§ Exercise requirements
From the records that follow, return exactly the lines beginning at the one that contains "از افزایش تولید" and ending at the one that contains "квартиры в оше", pictures left out.

----- Supplied records -----

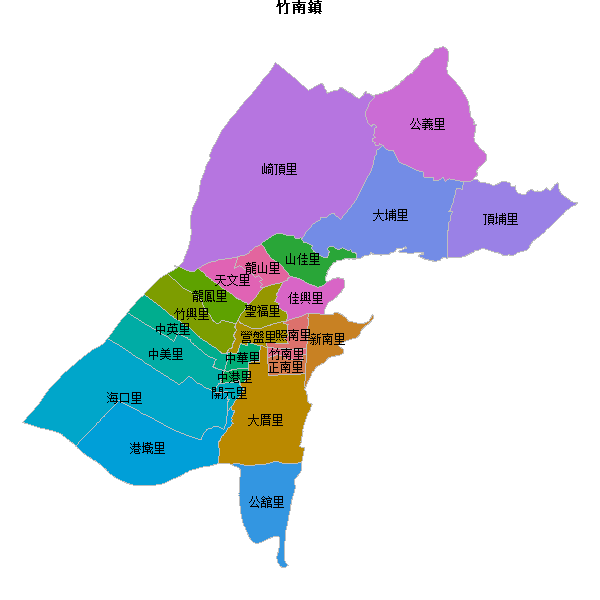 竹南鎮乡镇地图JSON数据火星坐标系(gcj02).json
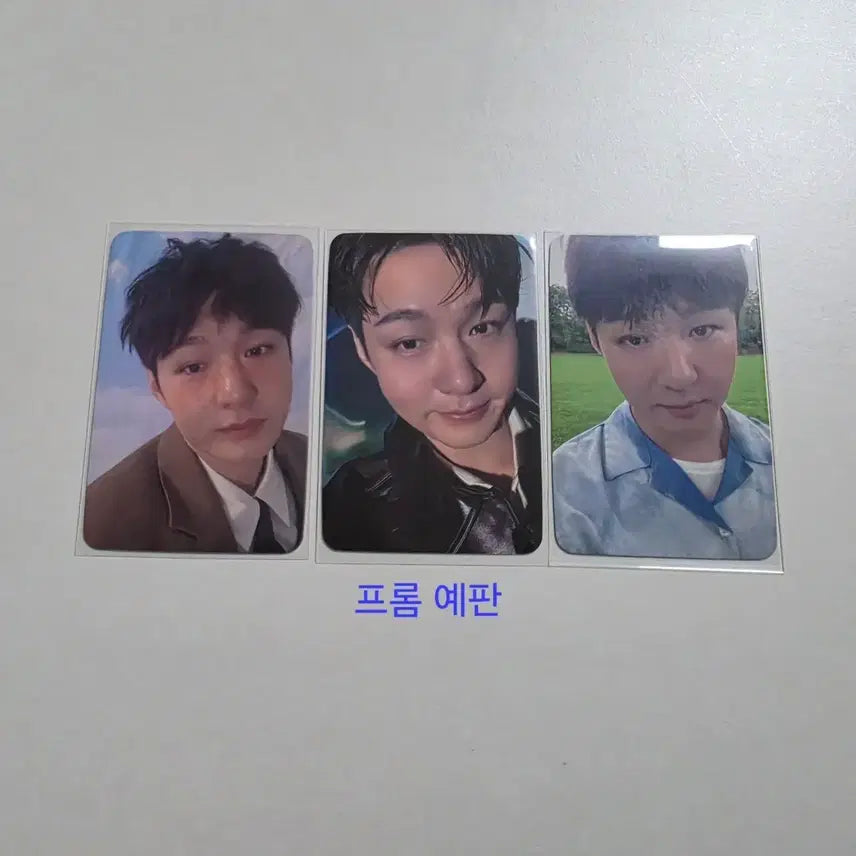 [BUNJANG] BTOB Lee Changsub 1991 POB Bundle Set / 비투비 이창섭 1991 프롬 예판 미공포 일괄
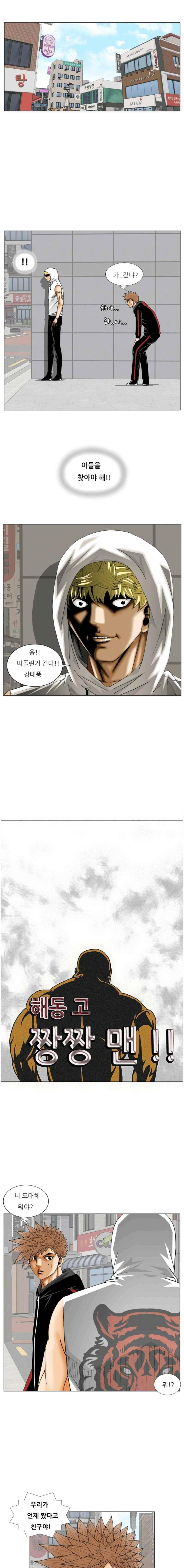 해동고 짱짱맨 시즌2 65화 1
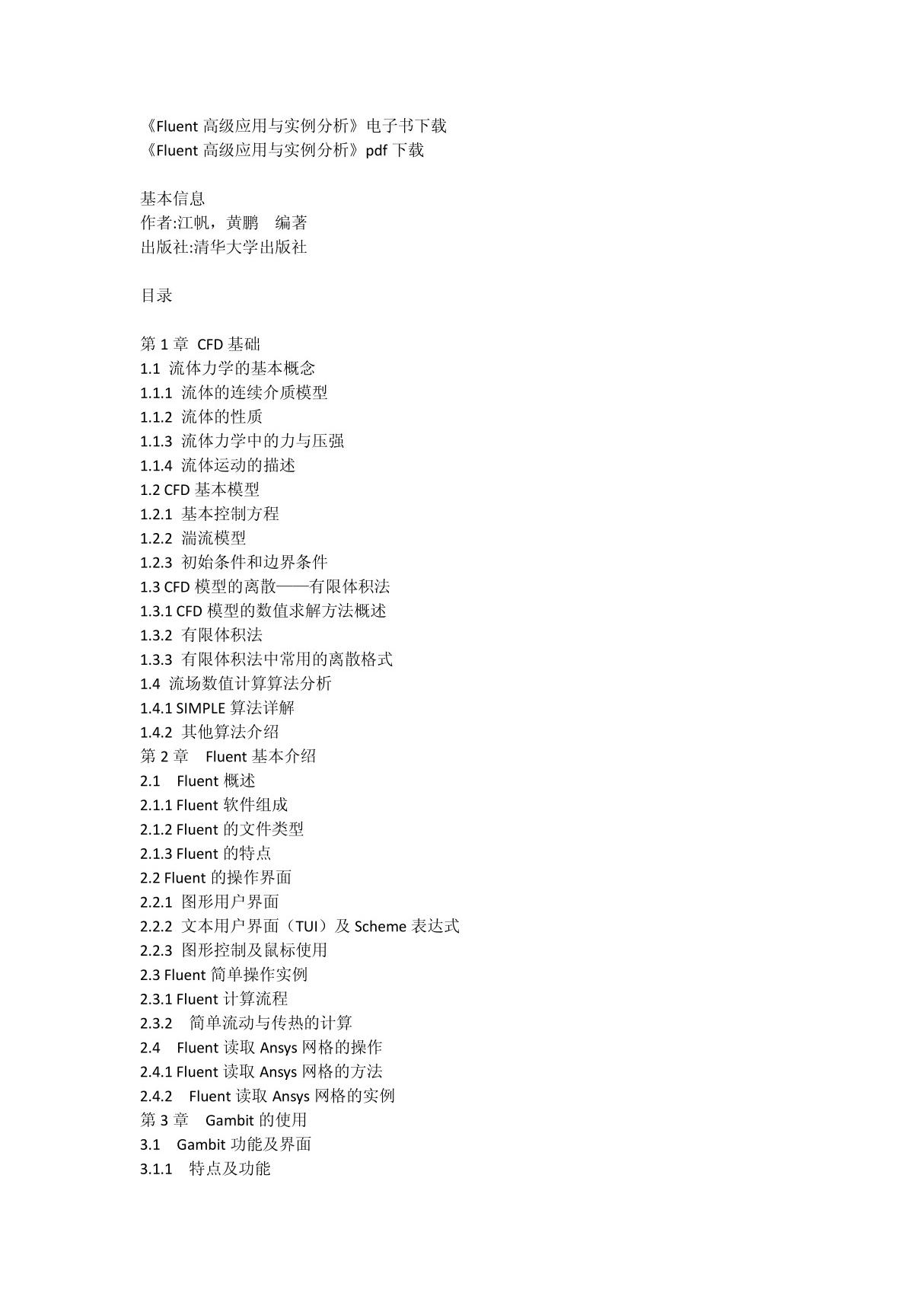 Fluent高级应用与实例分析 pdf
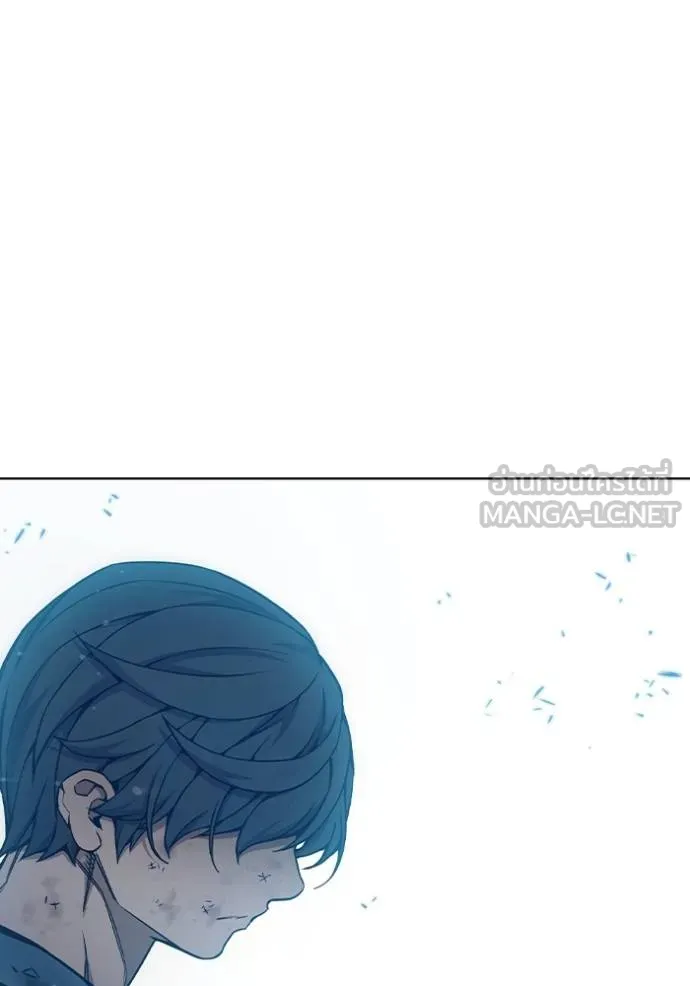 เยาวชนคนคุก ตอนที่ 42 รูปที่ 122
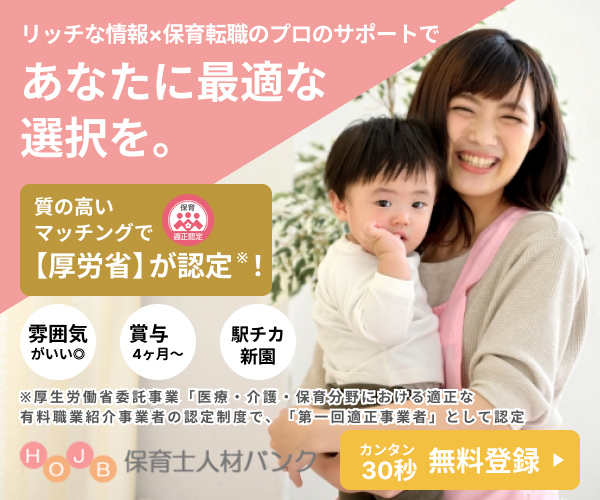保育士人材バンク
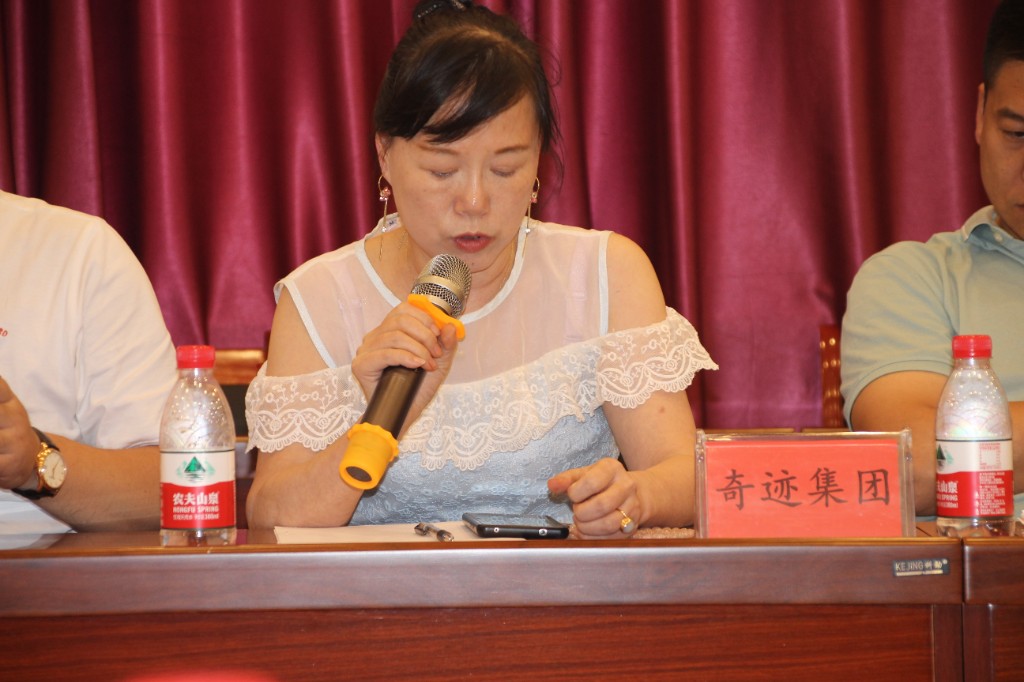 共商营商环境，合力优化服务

-----
----- Supplied records -----

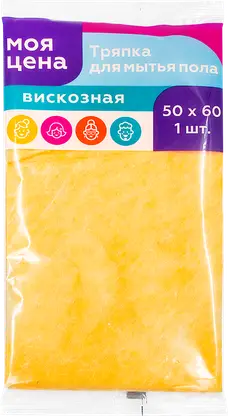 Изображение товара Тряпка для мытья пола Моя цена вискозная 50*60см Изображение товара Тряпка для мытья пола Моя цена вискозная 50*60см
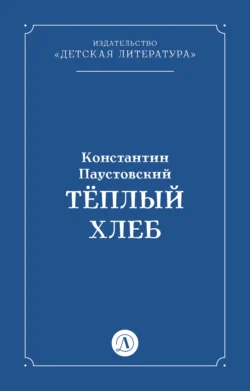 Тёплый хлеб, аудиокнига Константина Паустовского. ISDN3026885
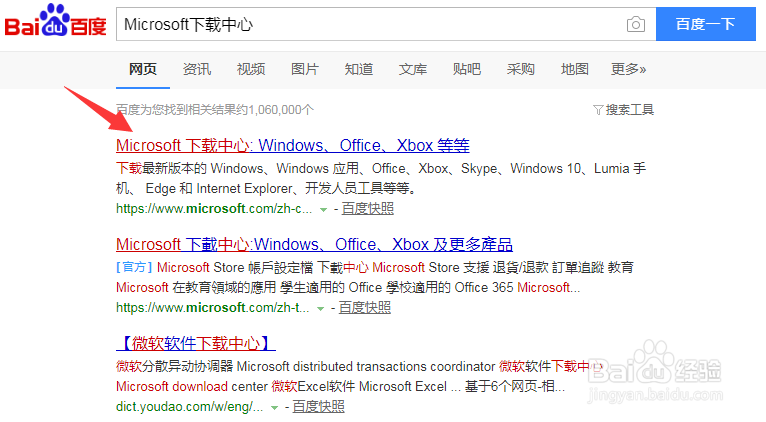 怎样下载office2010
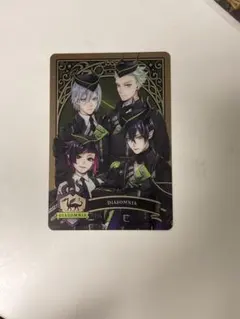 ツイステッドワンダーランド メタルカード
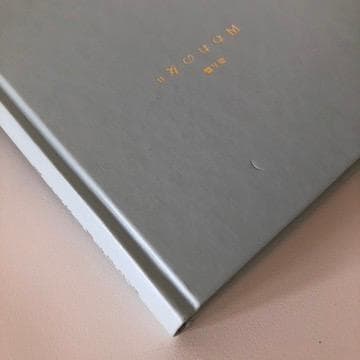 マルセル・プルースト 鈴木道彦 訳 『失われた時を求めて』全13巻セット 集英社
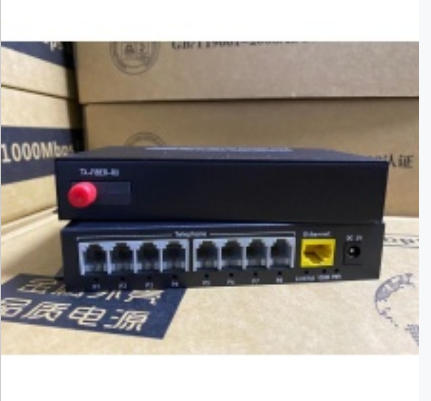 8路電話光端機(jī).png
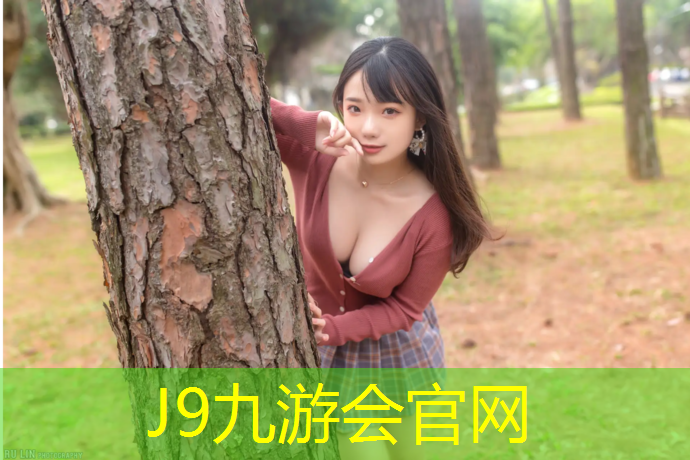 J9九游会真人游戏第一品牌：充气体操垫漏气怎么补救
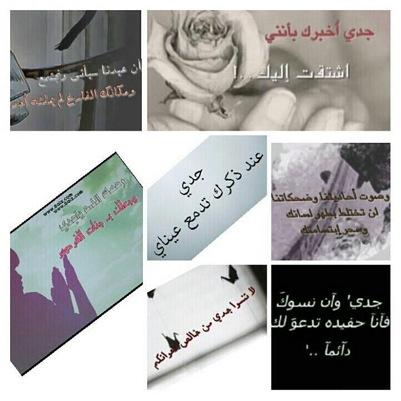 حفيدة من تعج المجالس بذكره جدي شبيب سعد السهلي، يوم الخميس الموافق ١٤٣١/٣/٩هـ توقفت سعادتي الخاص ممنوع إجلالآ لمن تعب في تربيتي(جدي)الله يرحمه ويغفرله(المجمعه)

-----
----- Supplied records -----

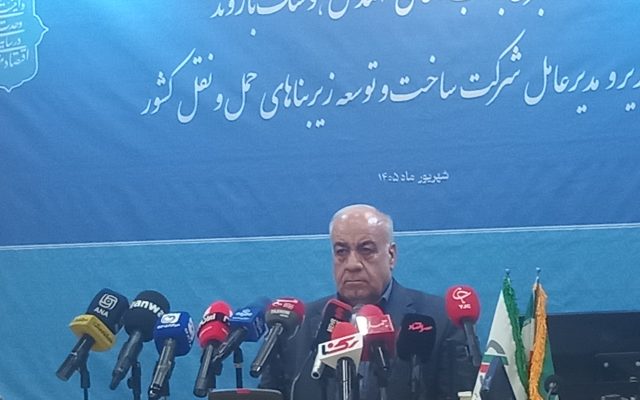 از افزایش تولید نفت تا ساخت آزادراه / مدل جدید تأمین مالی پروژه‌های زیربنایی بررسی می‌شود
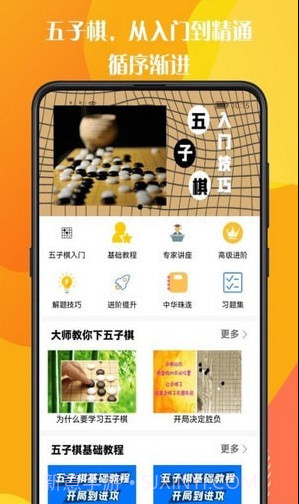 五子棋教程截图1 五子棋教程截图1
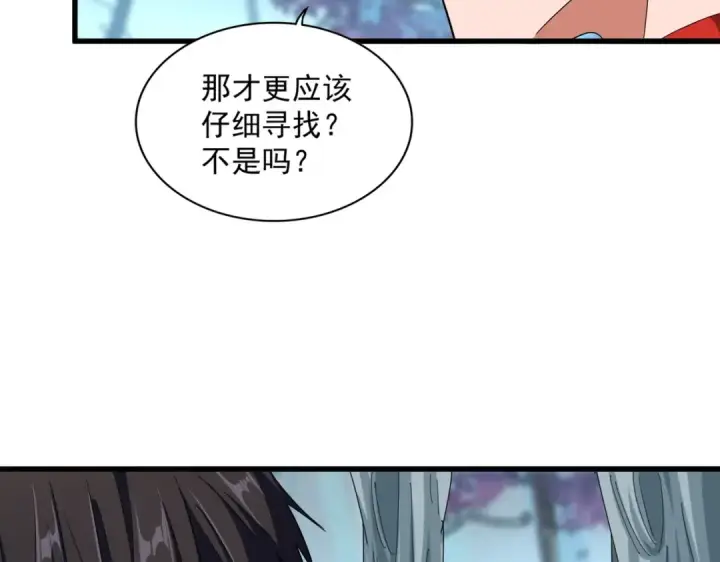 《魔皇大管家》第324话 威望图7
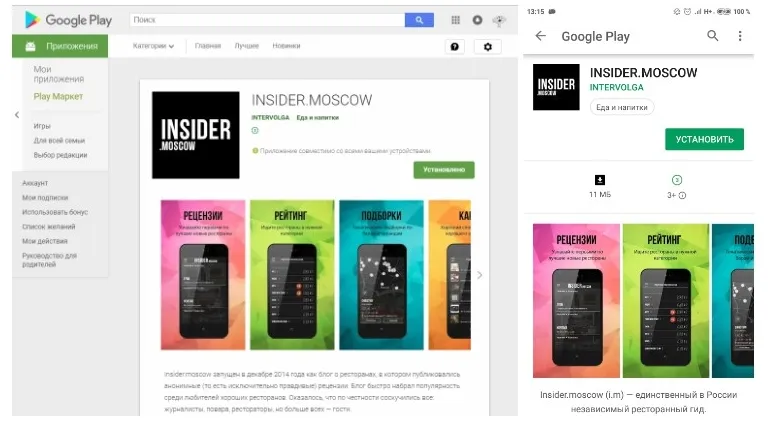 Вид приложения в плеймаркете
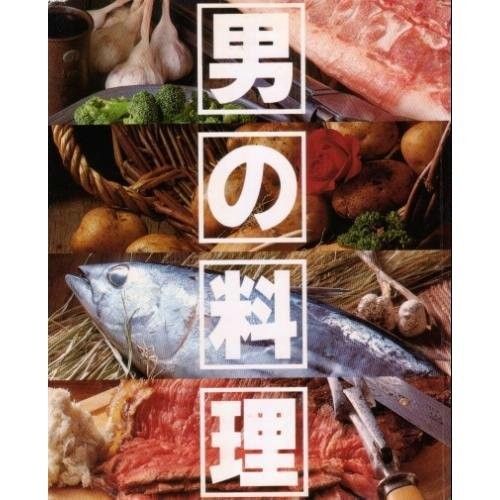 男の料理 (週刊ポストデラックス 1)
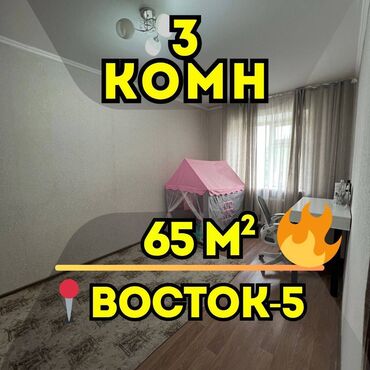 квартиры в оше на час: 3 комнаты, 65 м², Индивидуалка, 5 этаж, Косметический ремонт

-----

§ Your response
 از افزایش تولید نفت تا ساخت آزادراه / مدل جدید تأمین مالی پروژه‌های زیربنایی بررسی می‌شود
 五子棋教程截图1 五子棋教程截图1
 《魔皇大管家》第324话 威望图7
 Вид приложения в плеймаркете
 男の料理 (週刊ポストデラックス 1)
 квартиры в оше на час: 3 комнаты, 65 м², Индивидуалка, 5 этаж, Косметический ремонт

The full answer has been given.